Authored by ATF second-in-command Ronald Turk, the “white paper” also supports the proposed “Hearing Protection Act,” which would eliminate firearm suppressor regulations that costs the agency more than $1 million a year in overtime pay and occupy the time of 30 full-time employees despite a “lack of criminality.”
Turk’s “white paper” says the agency is interested in reforms that “promote commerce and defend the Second Amendment without significant negative impact on ATF’s mission to fight violent firearms crime and regulate the firearms industry.”

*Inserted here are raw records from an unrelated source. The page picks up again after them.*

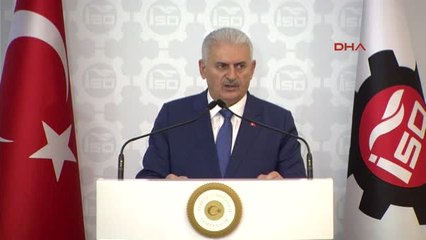 Binali Yıldırım Bankacılara Seslenerek ya Adam Gibi Makul Bir Faiz Oranını Benimsersiniz ya da...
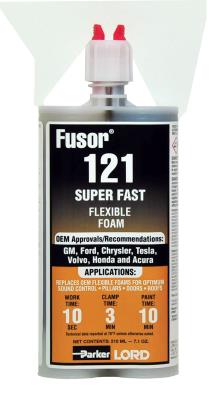 Lord Fusor 121 & 124 Flexible Foam (Super Fast) Fusor Sealers
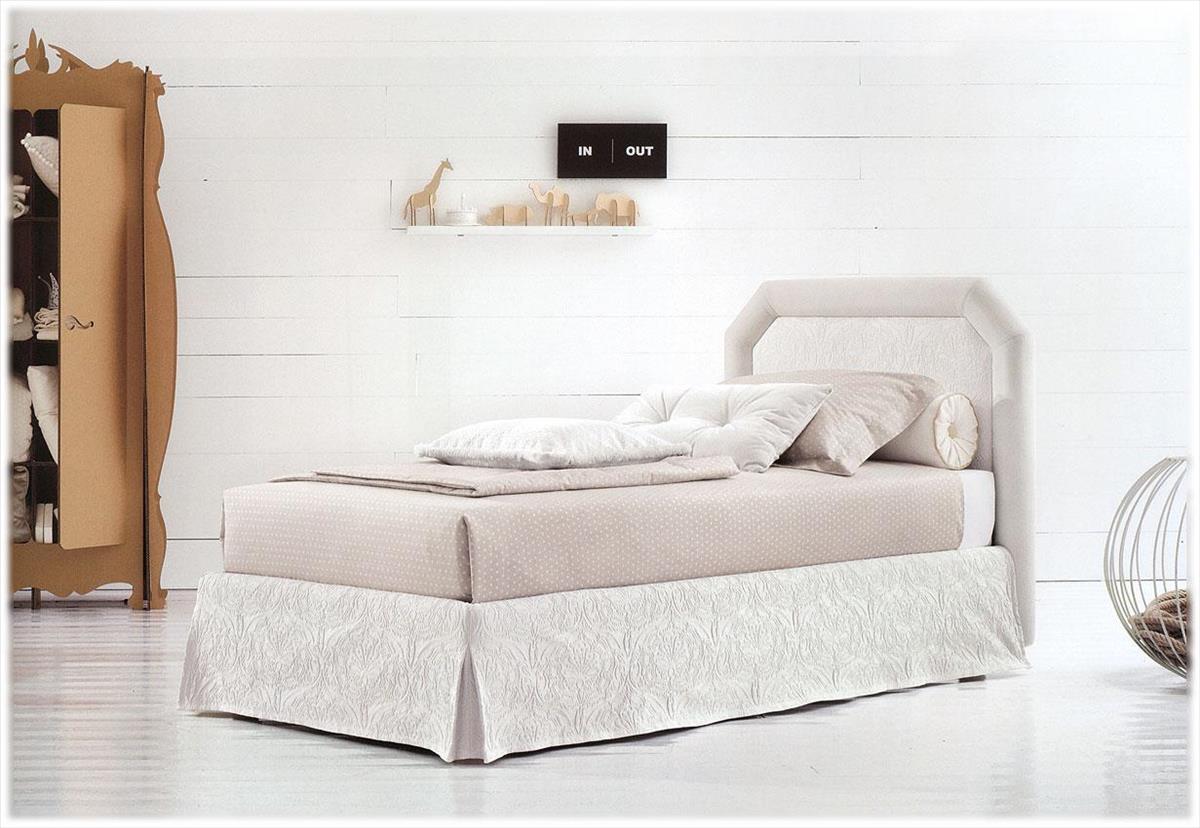 Кровать TWILS CAMILLE BASSO 12609568N + KBT800095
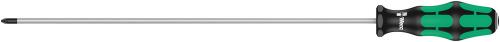 Wera Tool 5009313001 355 PZ Screwdriver for Pozidriv screws, PZ 1 x 300 mm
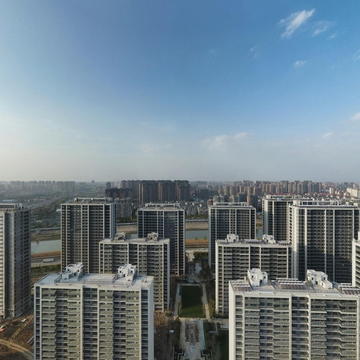 芜湖东箭装饰伟星印江澜全景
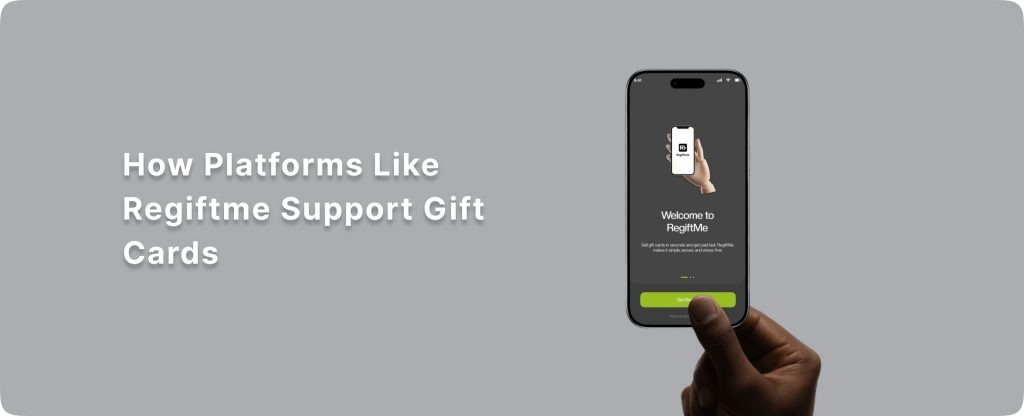 Market of gift cards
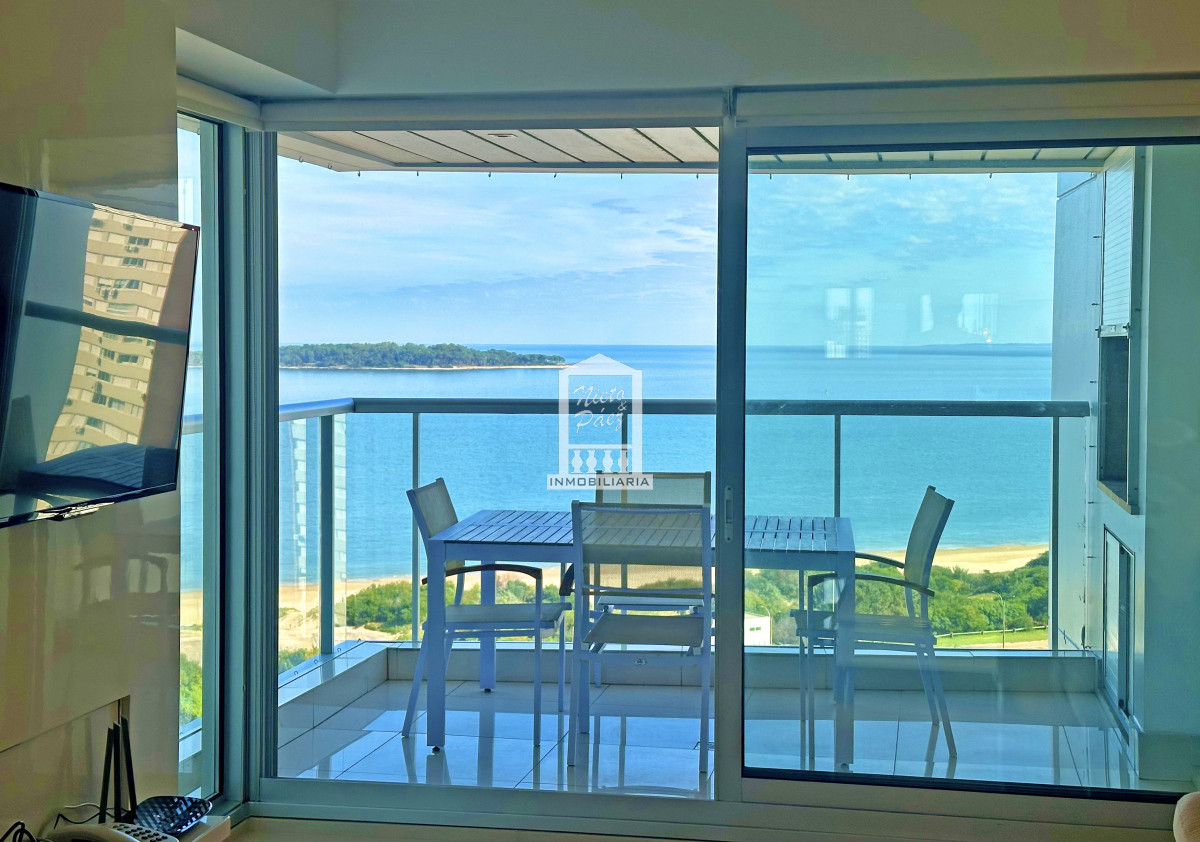 Piso alto en Miami Boulevard Torre 1 - NYP27923A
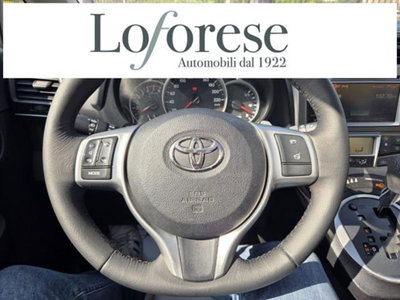 Toyota Verso-S 1.3 CVT Active (12)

Turk wrote that the misleading “assault weapons” term to describe AK-and-AR-style rifles should be replaced with a “modern sporting rifles,” to reflect how the use and popularity of these firearms has grown. In fact, he noted, their use in “sport shooting” has grown “exponentially” and such guns “are now standard for hunting activities.”

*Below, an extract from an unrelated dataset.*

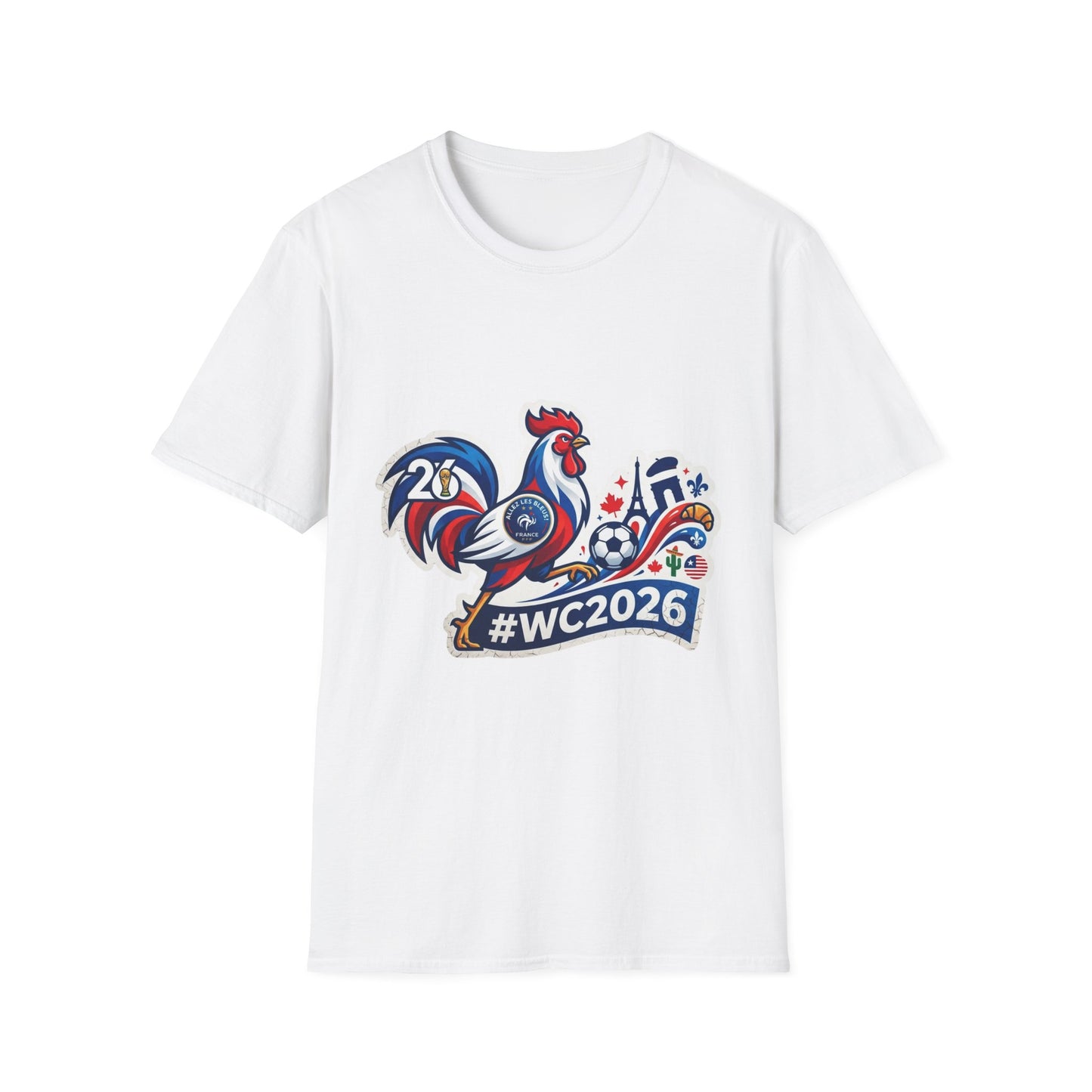France World Cup T-Shirt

The ATF official also argued in favor of changes in policy for the import of WWII-era military weapons, such as M1 Garand rifles.
Turk said the agency should support H.R.367, The Hearing Protection Act of 2017, which is co-sponsored by Rep.. Jeff Duncan (R-SC) and John Carter (R-Texas) and has been submitted to the House Subcommittee on Crime, Terrorism, Homeland Security, and Investigations.
“In the past several years, opinions about silencers have changed across the United States. Their use to reduce noise at shooting ranges and applications within the sporting and hunting industry are now well recognized. At present, 42 states generally allow silencers to be used for sporting purposes. The wide acceptance of silencers and corresponding changes in state laws have created substantial demand across the country. This surge in demand has caused ATF to have a significant backlog on silencer applications. ATF’s processing time is now approximately eight months,” Turk writes.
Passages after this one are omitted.